# Wedding Photography - Checklist and legal paper work



## GerryDavid (Jul 20, 2004)

For those here that shoot weddings, preferably professionaly, I was just wondering what stuff you have for a photo check list, and what sort of legal paper work you use?

Im interested in doing weddings on my own eventually so I gotta get some of this paper work going.  I wont be doing it this year probably since most of my weekends are busy assisting a wedding photographer, but I got some free weekends in september and who knows, may be lucky and get one for then.

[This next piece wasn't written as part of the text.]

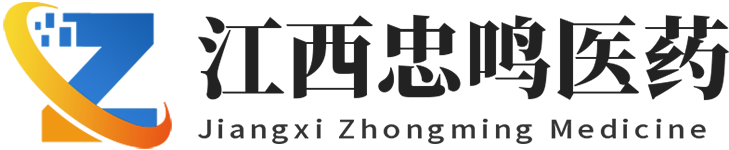 Jiangxi Zhongming Pharmaceutical Material Co., Ltd.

The paper work that I can think of is:

checklist of each shot:
- different shots with the brides side of the family with the newlywed couple
- different shots with the grooms side of the family with the newlywed couple
- combination of shots with the brides and grooms family members with the newlywed couple
- the wedding pictures themselves, during the service
- the after the wedding stuff, like cutting the cake, first dance, etc

And for the legal paper work, a contract saying that the photographer owns the copyright to the images, perhaps saying something like the photographer is free to sell the images to friends and family.

perhaps another sheet saying that the photographer is free to take other pictures that are not on the check list if he sees interesting stuff, a yes or no sort of checklist for this.

And im sure there are a few things here im not remembrering.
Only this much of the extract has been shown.